Women jailed under El Salvador’s strict abortion laws open up to AP journalists, warning the U.S. against a total ban.
As the U.S. Supreme Court considers overturning the constitutional right to abortion, New York-based reporter Luis Henao and video journalist Jessie Wardarski provided a compelling account of what can happen under a total abortion ban, through the testimonials of women who were raped or suffered miscarriages in El Salvador — where the law committed them to long prison terms.
The story took root in February, when Religion Team news director David Crary, liaising with AP Latin America and enterprise editors, proposed sending two of the team’s journalists to El Salvador to report on the harsh anti-abortion law in the predominantly Catholic country. The project took on new timeliness in early May, just two weeks before the trip, when a leaked U.S. Supreme Court draft opinion indicated a majority of justices were prepared to overturn Roe v. Wade.
Henao and Wardarski started by interviewing experts and activists, and arranged to meet with seven women willing to share on camera their stories of being imprisoned under the law.

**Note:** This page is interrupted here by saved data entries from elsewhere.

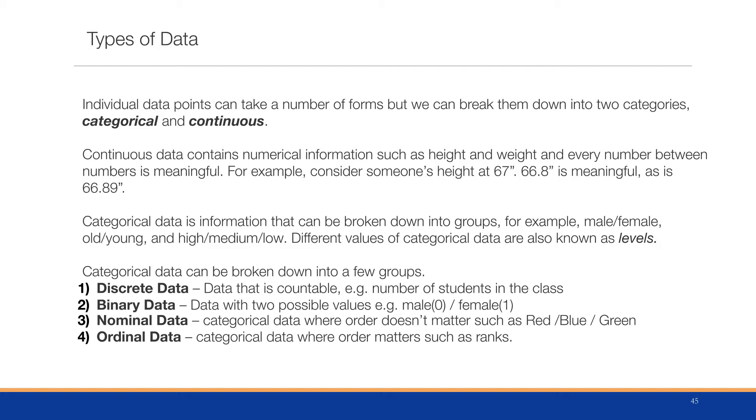Categorical data is information that can be broken down into groups, such as male/female, old/young, high/medium/low. Different values or categories of categorical data are also known as levels. These are the different categories of a particular column.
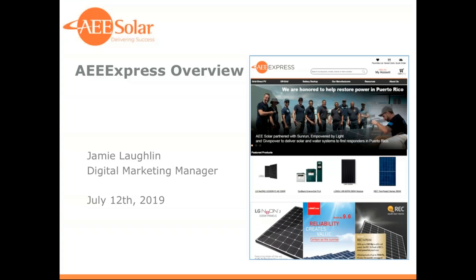Good morning everyone, thanks for joining us for our presentation: AEExpress.com Tips, Tools, and Insights, brought to you by AEE Solar.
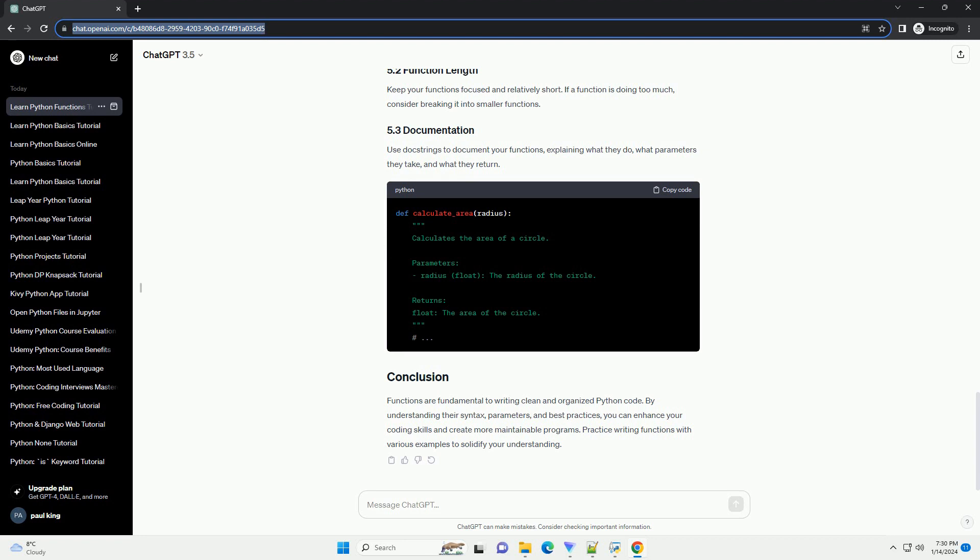You can provide default values for parameters, making them optional when calling the function. You can also pass arguments using keywords, which allows you to specify which parameter each value corresponds to.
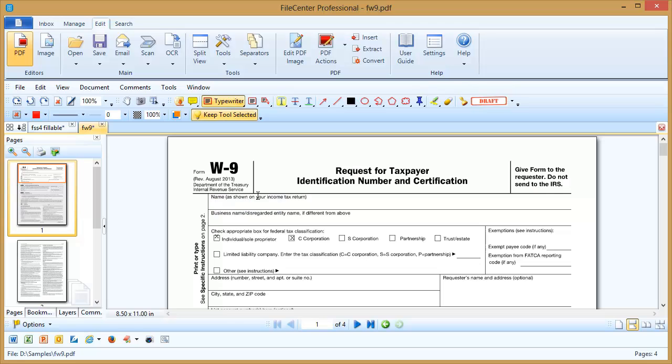One other thing I want to point out is the keep tool selected option right here. If you find that you're having to re-select the typewriter tool every time you want to use it, then you may want to just click this button right here. This makes it so that you can click and type and then click and begin typing again. And that's the typewriter tool in FileCenter.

Once in El Salvador, the pair traveled to impoverished rural areas, meeting some of the women in their homes and documenting their harrowing stories, as well as their efforts to help end the abortion ban even as they reconnect with their families and rebuild their lives.
To the formerly imprisoned Salvadoran women, their plight should serve as a cautionary tale for Americans.
One woman said she’d been raped by her mother’s partner for years as a child; another spoke for the first time ever to journalists after recently being released from prison. Such encounters produced absorbing text, photos and video.
The AP pair also sought to include another side of the contentious issue, and in that effort, persistence paid off. When the Catholic cardinal, Gregorio Rosas Chavez, declined an interview request, Henao and Wardarski learned that he celebrated a daily Mass and showed up at dawn. After they explained the importance of including the church in the story, Chavez granted them an on-camera interview.
Although the AP and some other media outlets have written previously about Salvadoran women convicted and imprisoned under the country’s rigid abortion law, little approaches the depth and intimacy of this all-formats package, including the on-camera interviews in the homes of women who previously spoke only at tightly controlled news conferences.
Contributing to the coverage were Marko Alvarez in Colombia, Paul Byrne in Paraguay and US-based Vanessa Alvarez, Maye-E Wong and Dario Lopez, all of whom helped shape the powerful visuals, and the Religion Team’s Holly Meyer and Peter Orsi who played key roles in editing the text pieces.
The resulting all-formats package, and a sidebar with vignettes of the seven women interviewed, were used by hundreds of newspapers and broadcasters, including the Washington Post, Seattle Times, San Francisco Chronicle, NBC News and ABC News. The work was the topic of impassioned commentary and exchanges on social media over the weekend, and was widely praised by experts on the issue.
AP and others have previously written about about the prosecution of Salvadoran women under the country’s abortion ban, but not with the depth and intimacy of this package.
AP Executive Editor Julie Pace wrote: “This is obviously a difficult and nuanced issue to report on and you pulled it off exceptionally well. Thanks for shedding light on a story that might otherwise not have been told to much of the audience AP reaches.”
For engaging, insightful coverage that gives voice to women who have suffered the consequences of an abortion ban, shedding light on an issue that sharply divides opinions in the U.S. and beyond, Henao and Wardarski earn AP’s Best of the Week — First Winner honors.